Son portrait offert par la famille de Robert Doisneau est accroché à un mur, ainsi que le fac-similé Familiarité du livre, un texte que l’auteur lui-même avait donné à l’association des anciens élèves du lycée. L’ayant lu avec intérêt, je ne résiste pas à vous en livrer deux extraits :
« Si l’écrivain avait la possibilité d’assister, invisible, au genre de tête-à-tête qu’entretient dans la solitude un de ses lecteurs, avec un de ses livres, il serait sans doute choqué du « sans façons », et même de l’extrême incivilité, qui s’y manifeste.
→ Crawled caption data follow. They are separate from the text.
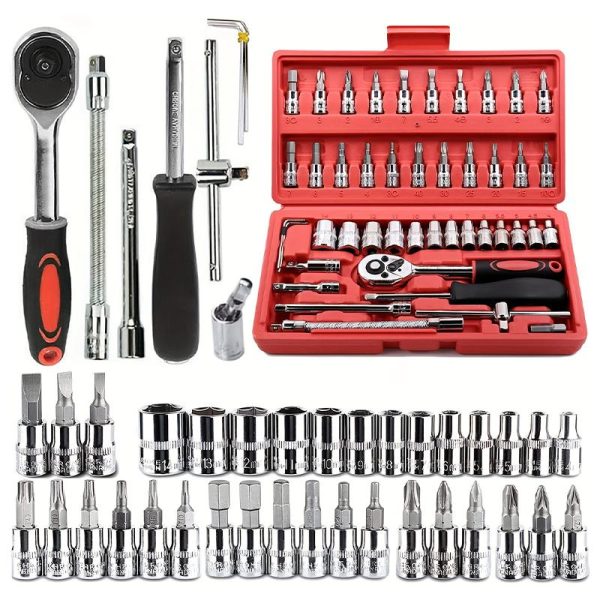 46-Piece Professional Socket Wrench Tool Set with Ratchet Handle, Sockets, Screwdriver Bits for Car, Motorcycle, Bicycle, Home Repair, Mechanical Work, Garage and DIY Maintenance Tasks, Portable Heavy-Duty Tool Kit - Image 4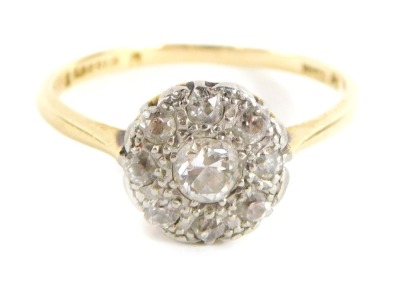 A diamond cluster ring, with central old cut diamond in a rub over setting with outer pave design of tiny diamonds, in a raised basket setting, ring size M, 2.3g all in. - 4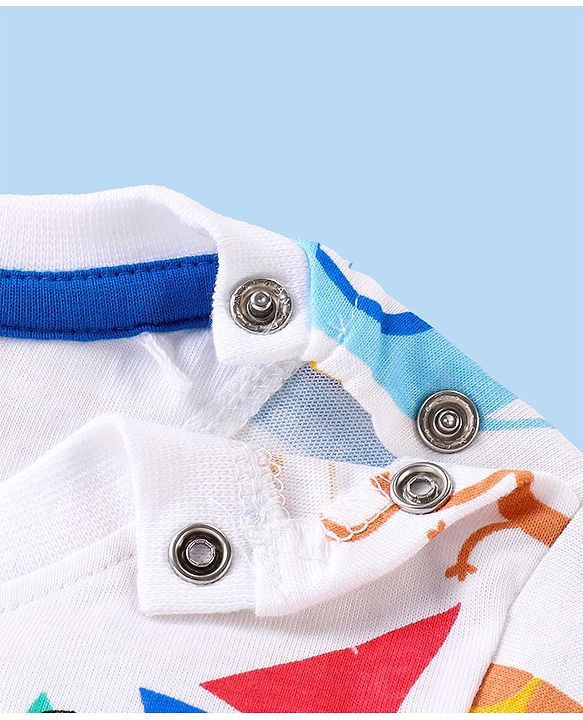 Babyhug Cotton Knit Half Sleeves T-Shirt & Shorts Set With Animals Print - White & Blue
Ce tête-à-tête est un mélange déconcertant de distraction et d’attention. La lecture est coupée, le plus souvent à des intervalles inégaux et assez rapprochés, par des pauses de nature diverse où le lecteur allume une cigarette, va boire un verre d’eau à la cuisine, ou replace un livre dans sa bibliothèque, ce qui l’entraîne à en feuilleter un moment un autre, téléphone une commande qu’il avait oubliée, ou s’informe des résultats du tiercé, vérifie l’heure d’un rendez-vous sur son agenda, ou repose un moment le livre sur la table pour une rêvasserie intime, dont le seul lien avec le contenu du livre est souvent celui du coq-à-l’âne. En gros – mobilité en plus – c’est le comportement moyen en classe d’un élève qu’on jugerait plutôt dissipé.
Qu’est-ce qui permet la bonne entente paradoxale de ce comportement distrait d’un isolé qui semble occupé à « tuer le temps » avec une lecture qui en fin de compte s’achèvera pour lui lisse, rassemblée, sans couture, exempte de toute solution de continuité ?
Pour tenter d’y répondre, il faudrait prendre en compte les singularités qui marquent les rapports d’un lecteur avec son livre. Il ne s’agit pas ici de la présence passive, entièrement évasive et congédiable, qui est celle d’un tableau accroché à un mur. Ni, non plus, de la parenthèse temporelle, rigoureusement close et même minutée, dans laquelle nous enferme, l’audition d’un morceau de musique. Le lien, qui relie le lecteur à sa lecture est certes inséparable de l’écoulement du temps, mais rien n’en marque la durée, le rythme, ni la fin, ni même la continuité (que de livres lus par tranches successives, que séparent parfois de longues années !) Un livre se perd de vue et se retrouve, tantôt fané, tantôt réarmé de séduction. Sa beauté est journalière, au sens balzacien ; il a ses bons et ses mauvais moments. On connaît avec lui la séduction à laquelle on cède trop vite, tout comme la lente reconquête, par des qualités d’abord voilées. Il se prête à des découvertes successives (tout n’y est pas apparent tout de suite) à l’automatisme de l’accoutumance, à l’usure rapide du premier éblouissement, tout comme à l’entente parfois nouée jusqu’à ce que la mort advienne. Il voyage avec nous, parfois convivial et disert, parfois plus fermé qu’on ne voudrait. Il vieillit près de nous, tantôt comme un vin, tantôt comme une femme, tantôt passivement, tantôt activement ; il ne déserte jamais tout à fait la mémoire ; on vieillit avec lui : commode, présent, familier, logeable. Bref, les rapports qu’on a avec lui sont, plus que pour un autre produit de l’art, proches de ceux qu’on entretient avec un vivant, qui, entré une fois dans votre existence, y reste, en sort, y revient, s’y fait place, s’éloigne, mais avec qui le contact plus familier qui a été une fois celui de l’intimité ne laisse jamais prescrire sa note singulière… »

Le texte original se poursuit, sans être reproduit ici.